ASSIGNMENT |
Copy verbatim the material from its first line to the line that holds "CURTISS WRIGHT,1000116519,O-RING LOT", including that line.

SUPPLIED MATERIAL |
>>

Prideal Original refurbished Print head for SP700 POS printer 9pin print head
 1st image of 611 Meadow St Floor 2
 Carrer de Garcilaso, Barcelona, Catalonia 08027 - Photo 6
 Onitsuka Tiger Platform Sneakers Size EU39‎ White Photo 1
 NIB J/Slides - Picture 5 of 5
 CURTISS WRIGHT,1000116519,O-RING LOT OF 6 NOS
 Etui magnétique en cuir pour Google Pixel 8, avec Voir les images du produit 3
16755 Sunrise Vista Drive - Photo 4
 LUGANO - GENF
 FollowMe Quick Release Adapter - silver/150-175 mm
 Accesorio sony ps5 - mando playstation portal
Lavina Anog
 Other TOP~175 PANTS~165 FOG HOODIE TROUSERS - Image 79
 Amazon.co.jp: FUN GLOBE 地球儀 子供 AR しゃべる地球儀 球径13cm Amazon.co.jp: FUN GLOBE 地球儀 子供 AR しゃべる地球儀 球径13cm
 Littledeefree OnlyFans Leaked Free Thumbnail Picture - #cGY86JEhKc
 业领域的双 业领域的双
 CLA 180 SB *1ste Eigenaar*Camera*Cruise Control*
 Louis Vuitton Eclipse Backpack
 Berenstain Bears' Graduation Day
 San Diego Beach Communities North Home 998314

<<

OUTPUT FOR THIS EXERCISE |
Prideal Original refurbished Print head for SP700 POS printer 9pin print head
 1st image of 611 Meadow St Floor 2
 Carrer de Garcilaso, Barcelona, Catalonia 08027 - Photo 6
 Onitsuka Tiger Platform Sneakers Size EU39‎ White Photo 1
 NIB J/Slides - Picture 5 of 5
 CURTISS WRIGHT,1000116519,O-RING LOT OF 6 NOS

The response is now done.